> _Exercise goal_
Copy out the full listing exactly, omitting any picture it contains.

Start of Data below

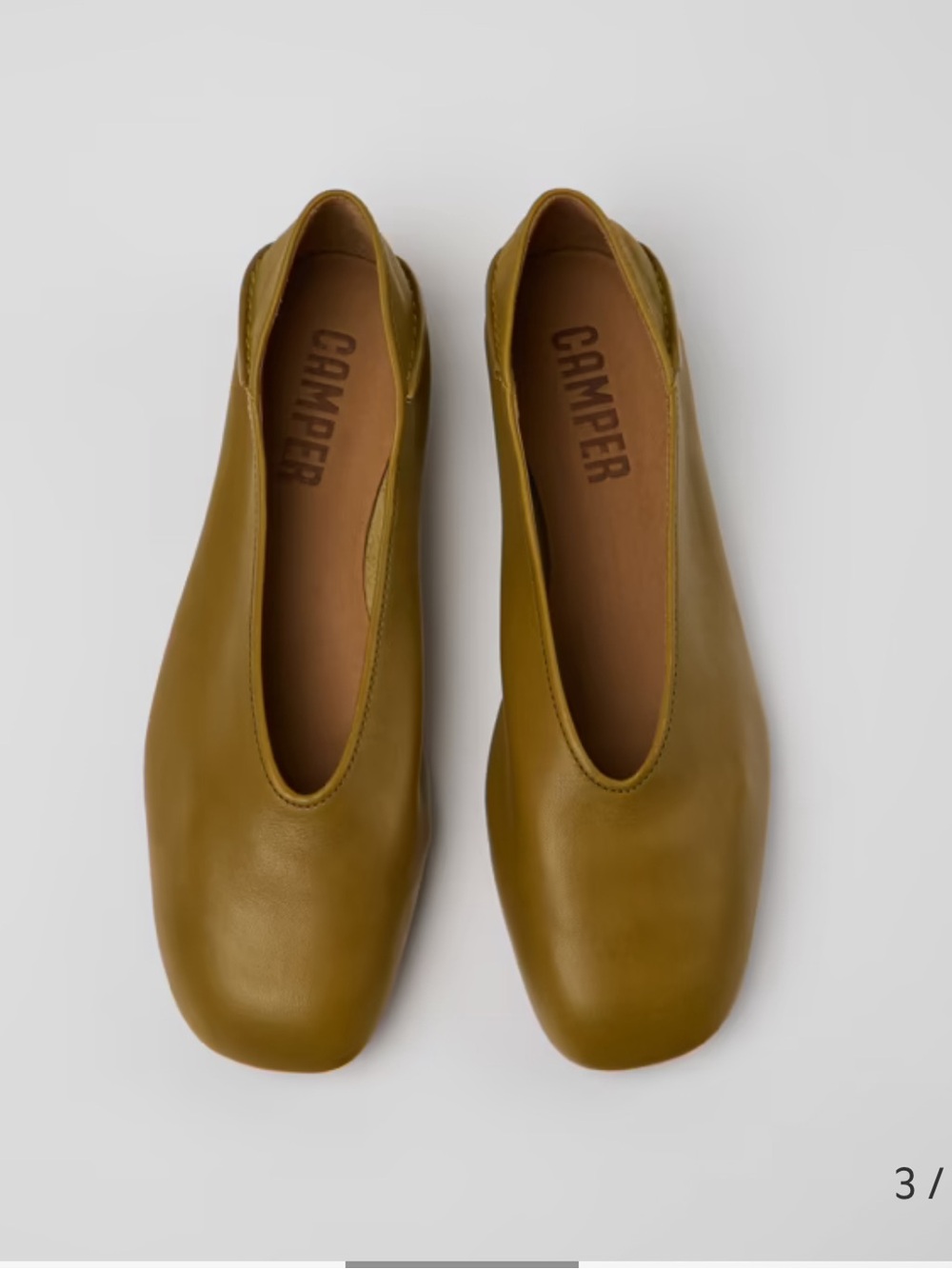 Camper Casi Myra leather green square toe flats size 8 / 38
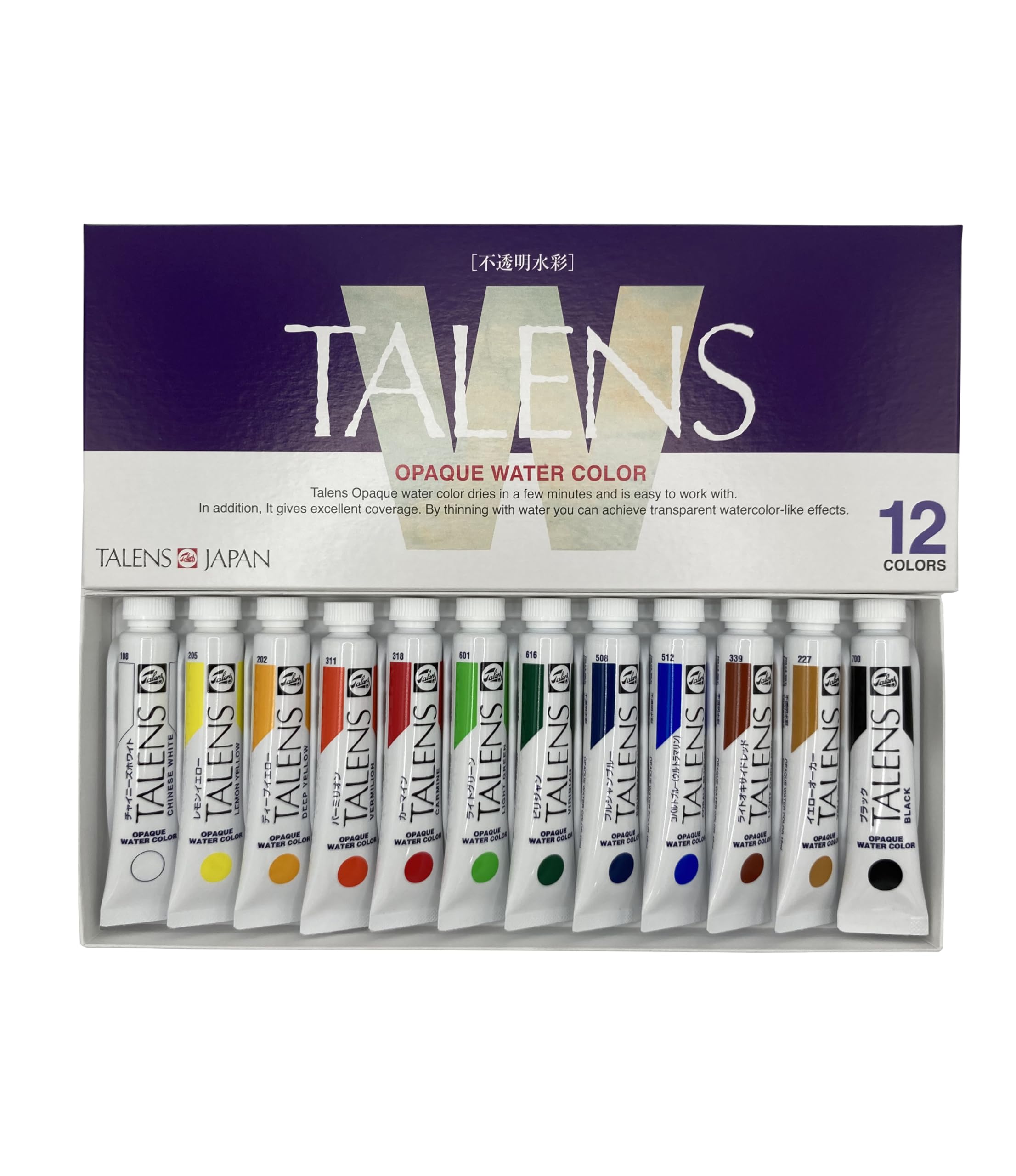 

Talens Japan Краски акварельные непрозрачные Talens Набор из 12 цветов по 12 мл TOW-12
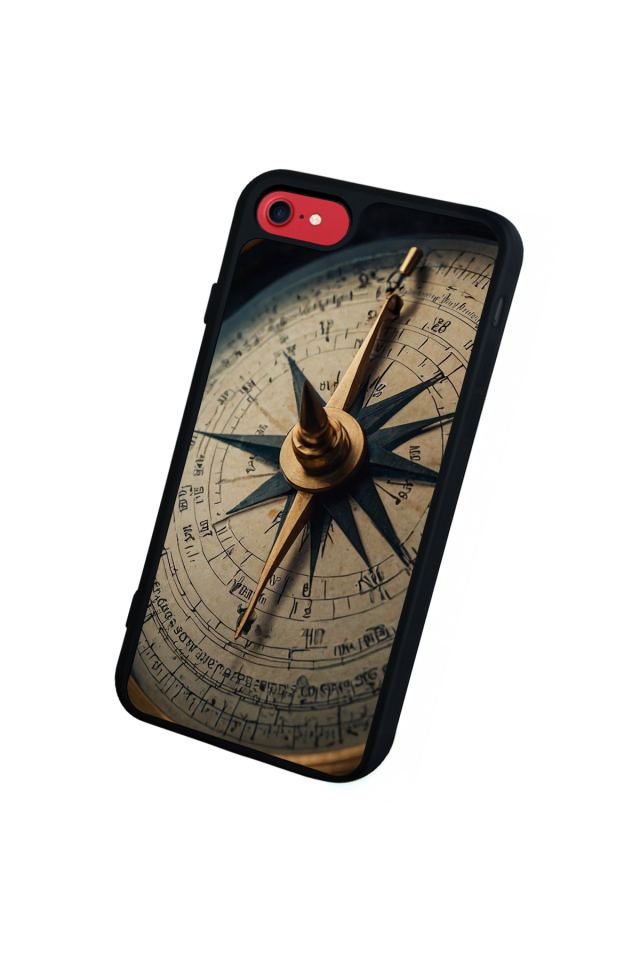 iPhone 7 Uyumlu Pusula Tasarımlı Glossy Premium Kılıf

End of Data below

> _Problem solution_
 Camper Casi Myra leather green square toe flats size 8 / 38

Talens Japan Краски акварельные непрозрачные Talens Набор из 12 цветов по 12 мл TOW-12
 iPhone 7 Uyumlu Pusula Tasarımlı Glossy Premium Kılıf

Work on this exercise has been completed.